Editorial Review Phoebe Stoye, A.B. in Neurobiology, Harvard College
Caretalk

I have witnessed the limiting effects of Alzheimer's Disease in my grandfather, not only as a healthcare professional, but also as a family member and caregiver. I have seen this illness affect my grandmother, my mother, aunts, uncles, and other family members. My experiences are what led me to conduct my own research on potential ways to prevent Alzheimer's Disease.

As of today, there is unfortunately no cure for Alzheimer's.
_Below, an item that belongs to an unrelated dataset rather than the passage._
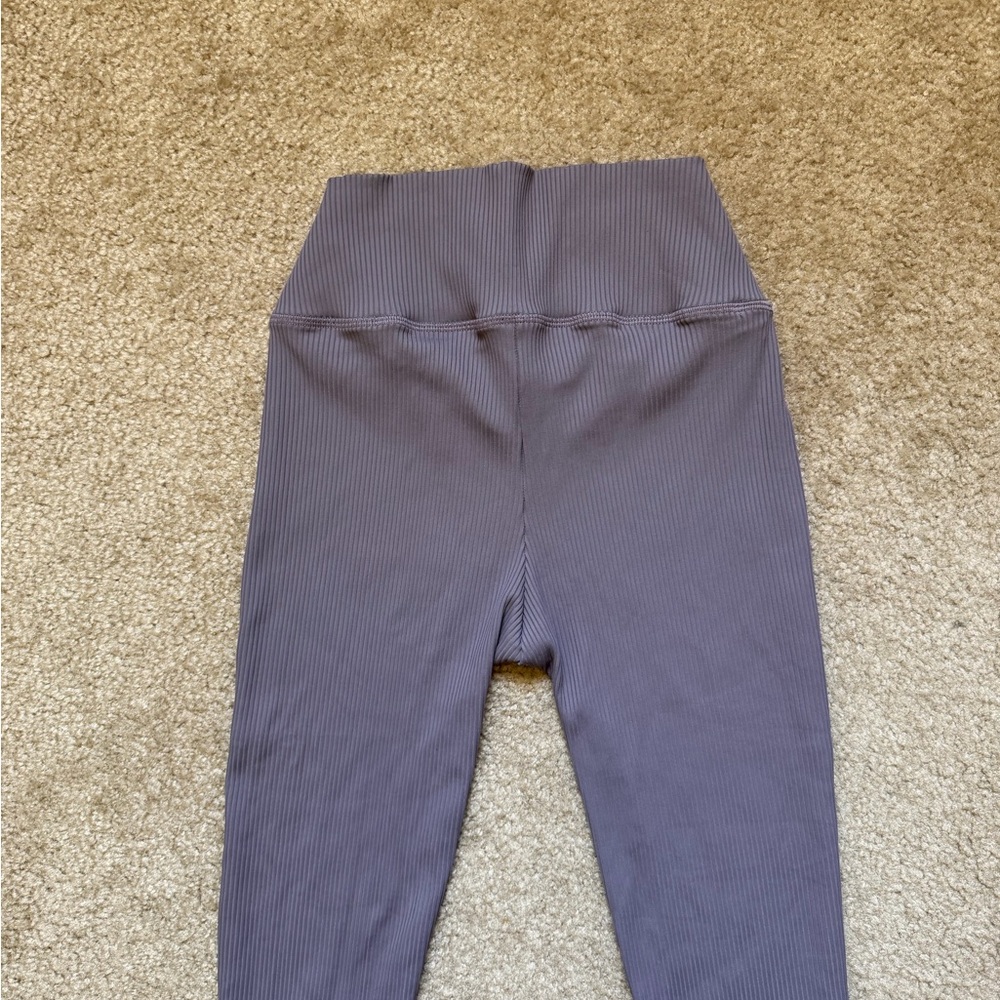 Pepper Luxe Ribbed Purple Sports Bra and Leggings Set - Picture 6 of 8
However, promising research has shown that there are lifestyle habits that can be incorporated into our daily lives which can delay the onset, slow the progression, and reduce the risk of developing Alzheimer's by years and perhaps even decades. Below, I have listed a few practical, research-proven strategies to reduce the risk of developing Alzheimer's Disease.

Getting regular exercise

Everyone's definition of exercise varies. On a basic level, exercise involves moving your body in order to raise your heart rate. That can include walking, running, dancing, swimming, gardening — even aerobics while seated. It really does not matter what exercise you do, as long as you do it on a regular, consistent basis. To get the most benefit, the activity should raise your heart rate to the point of sweating. You are more likely to continue the activity if it is something that you enjoy, so incorporate friends if need be. Exercise increases blood flow to the brain and can help to keep thinking and memory skills sharp (in fact, exercise is important for current Alzheimer's patients, as well). Being active also helps to decrease your blood pressure, blood cholesterol, and body fat levels—which are three health issues that increase your risk for Alzheimer's. An added benefit is that exercise also helps improve mood and cognition. A good goal to start with is a 30 minute walk five times per week, then increasing the duration and intensity over time. Always talk to your healthcare provider about any medical conditions before starting a new exercise plan.

Eat a brain-healthy diet

Research has shown that there are foods that can increase your risk for Alzheimer's Disease and foods that can lower your risk. Spend time incorporating foods designed to promote a healthy brain. The ten best brain foods include leafy green vegetables, other vegetables, seeds, nuts, berries (especially blueberries), beans, whole grains, fish, poultry, olive oil, and red wine or grape juice. This diet not only promotes brain health, but it also promotes heart health as well.

A brain-healthy diet is a heart-healthy diet, and includes eating foods that are low in added salt, refined (white) sugars, and saturated fat such as butter. Diets high in added salt can increase your risk for developing high blood pressure. Diets high in saturated fat can increase your risk for heart disease.

Diets high in refined sugars may increase your risk for Type 2 Diabetes. These are all conditions that may increase your risk for developing Alzheimer's Disease. If you have any of these conditions, talk with your doctor to have regular screening tests to check if they are improving or worsening. Be sure to also request a meeting with a nutritionist to review your current diet and to receive suggestions and recipes on how to make what you eat more healthy.

Keeping the brain active

Keeping your brain active by solving puzzles like crosswords, Sudoku, or cryptograms can help to improve brain function, memory and delay the onset of Alzheimer's. Many of these puzzles can be found as cell phone applications, or even published in the newspaper. These games involve using strategy and memorization, which are fun tools for improving your brain health to keep your memory sharp. You can also keep your brain active by staying connected to family members and friends by having lunch dates, taking walks with peers, and attending church club activities. You can even have a regular social meeting time to play games in groups as a way to socialize regularly with friends.